Бейт поднял его и взвесил на руке.
— Тяжеловатая штука, — заметил он. — Значит, вы предполагаете, что главарь и в том, и в нашем случае не так высок, каким выходил на дело.
— Совершенно верно, — ответил инспектор. — Мы с Диной сегодня часа три мучили сапожника-ортопеда, и он сделал мне эти ботинки. Чертовски неудобная обувь, но придумано, скажу вам, неплохо. Особенно, если ты обеспечил себе минимум свидетелей и минимум ходьбы. В обоих случаях свидетели показывают, что машины стояли почти у порога.
Инспектор сделал паузу. В кабинете наступило молчание. Ни Бейт, ни Котр не нашли нужным прерывать шефа. По всему было видно, что он сказал еще не все.
Инспектор выдвинул ящик стола и извлек оттуда широкую полосу бумаги с наклеенным на нее телетайпным текстом.
— Сегодня я получил ответы на свои запросы, — нарушил он молчание. — Насчет хозяина Пекки…
Отец его, состоятельный банкир, увлекшись биржевой игрой, разорился и покончил с собой. Мать умерла пять лет назад. Сын содержал ее, но ни разу на протяжении тридцати лет не виделся с ней. Окончив электротехнический колледж, он уехал и с тех пор там не появлялся. Долго жил за границей, в соседней с Аранией стране. В картотеке Главного комиссариата не числится.
Инспектор отложил в сторону бумаги.
— В Аранию он приехал пять лет назад, сразу сюда — в Лин. Скоро женился на дочери богатого человека. Интересно, жил ли он в том городе, где похитили биолога?
— Вы предполагаете…
— Предполагаю… Жду ответ на свои вопросы. Еще этот Пекки и его мастерская… Кстати, в вашем деле, капитан, тот, который бежал из тюрьмы, не имеет никакого отношения к нашему бизнесмену? О нем я тоже сделал запрос.
Капитан задумался, а потом отрицательно покачал головой.
— Он работал всего-навсего уборщиком в отеле. Я просто не успел развернуться.
— Он сидит в тюрьме, но совсем по другому делу. Мы допросим его, когда будем готовы к этому. А сейчас давайте наметим план на завтра. Но сперва познакомим капитана с результатами твоей работы, Бейт.
Инспектор коротко пересказал Котру доклад Бейта.
Решили немедленно ехать к автомастерской и со всей тщательностью обследовать ее.
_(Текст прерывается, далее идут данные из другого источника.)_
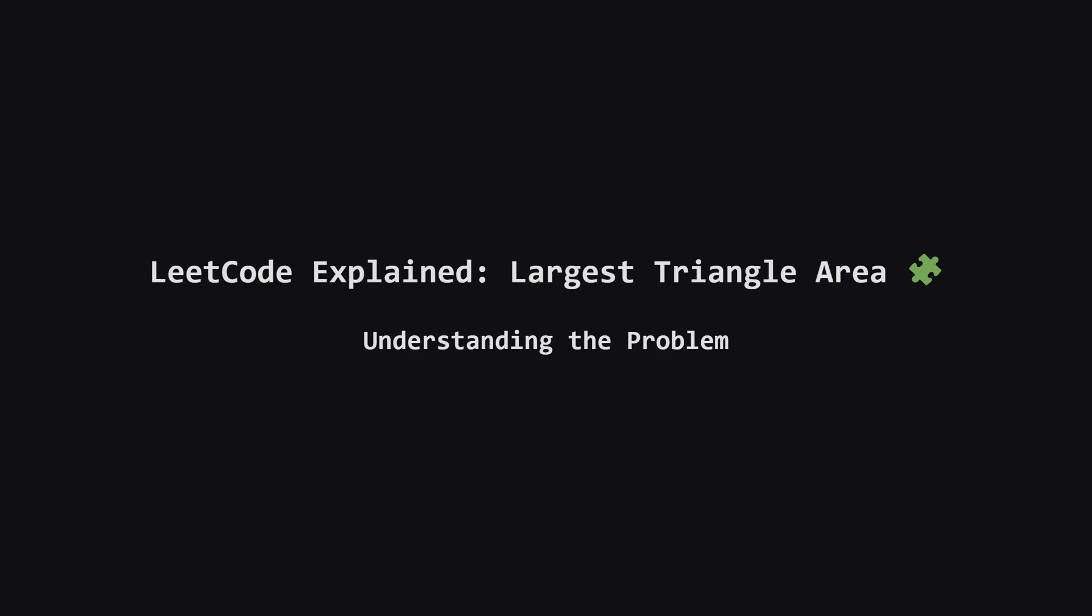Hey everyone, and welcome. Today we're tackling LeetCode problem 812, largest triangle area. It sounds like a geometry problem, but don't worry, the core idea is pretty straightforward. We'll break it down step by step.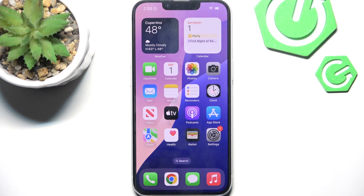Hello everybody, welcome back to Hard2ResetInfo channel. In today's video I'll show you all the ways to unlock the iPhone 16e.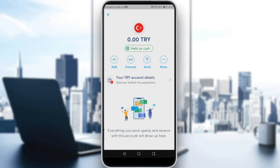Then you'll find an option called 'Receive' — select 'Request a Payment', fill in the required information, and share the request link with your company, clients, family, or friends so they can send you money using it. That's all for this video — thanks for watching and goodbye!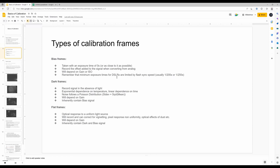What are the types of calibration frames? Bias frames are taken with an exposure time of zero seconds or as close to it as possible, and they record the offset added when the signal is converted from analog. They depend upon gain or ISO. For DSLRs, people say take your bias at 1/5000 or 1/8000 seconds, but DSLRs generally cannot achieve those speeds — the sensor is active much longer, limited by the flash sync speed of about 1/200 or 1/250 seconds.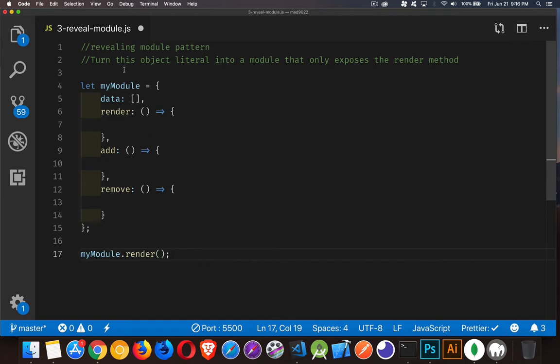The starter code is down in the description. There's a link to the code gist, so you can take that, copy and paste it into your IDE, and give it a shot. See if you can turn this into a revealing module pattern if you know what that is. If not, stick around — I'll be back and I will walk you through the solution.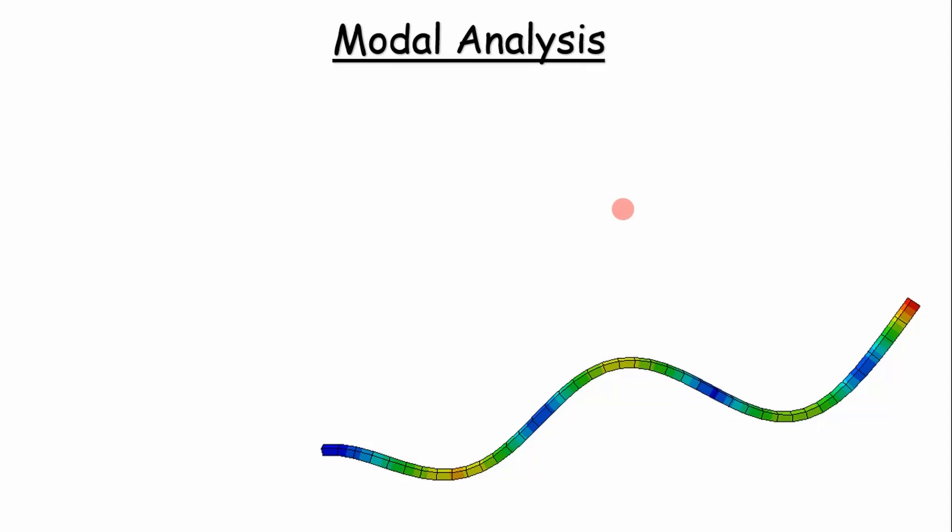I'm going to introduce the Abaqus series here. We're going to start off with a modal analysis of a cantilever beam, something real simple. But before we get into it, I want to go over what a modal analysis is and why it's important for a designer.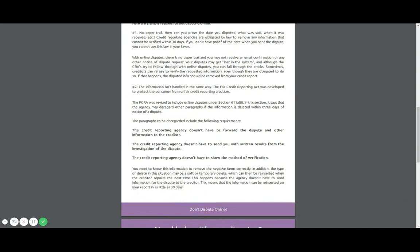So do not dispute online. You need to know this information to remove the negative items correctly, guys. So in addition, this type of delete can be temporary. So it can be deleted and then reinserted because they don't have to send this information for the dispute to the creditor. So if you want your information to be reinserted, if you want them to not have to prove why they're saying something is accurate, and if you don't want your written results or anything else, and you actually want this stuff sitting on your credit report, then go ahead, dispute online.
Не исключено, что Дзист именно там испачкал свой мундир.
— Кроме того, — подхватил Бейт, — нам нужно полнее исследовать следы протекторов у мастерской и уточнить, какие марки машин оставили их.
Вошла Уэбер и молча положила перед инспектором два листа ватмана, свернутые в трубку.
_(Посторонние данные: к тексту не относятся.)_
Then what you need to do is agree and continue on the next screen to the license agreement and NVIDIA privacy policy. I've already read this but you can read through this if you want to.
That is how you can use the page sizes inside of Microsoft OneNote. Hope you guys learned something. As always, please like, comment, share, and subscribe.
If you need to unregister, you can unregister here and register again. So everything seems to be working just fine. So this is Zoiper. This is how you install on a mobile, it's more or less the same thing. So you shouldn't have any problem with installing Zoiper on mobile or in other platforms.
— У автомастерской, — тихо заговорила она, — Бейт обнаружил следы тех людей, которые были в квартире профессора Фэтона, и еще одного человека.
Инспектор развернул оба листа, приколол их к столу. Все склонились над ними.
— Прекрасно, — резюмировал инспектор. — Нам необходимо форсировать события. Во-первых, мастерская. Тянуть с ее обследованием нельзя. Поработаем ночью, хотя бы внутри. Во-вторых, нужно браться за Дзиста. Он наверняка чувствует себя не очень уверенно. И действовать нужно через Софи. Если она его в самом деле любит, то не захочет, чтобы с ним что-то случилось. Но если Райн замешан в деле, он непременно попытается избавиться и от Дзиста, и от Софи. Дзистом я займусь сам.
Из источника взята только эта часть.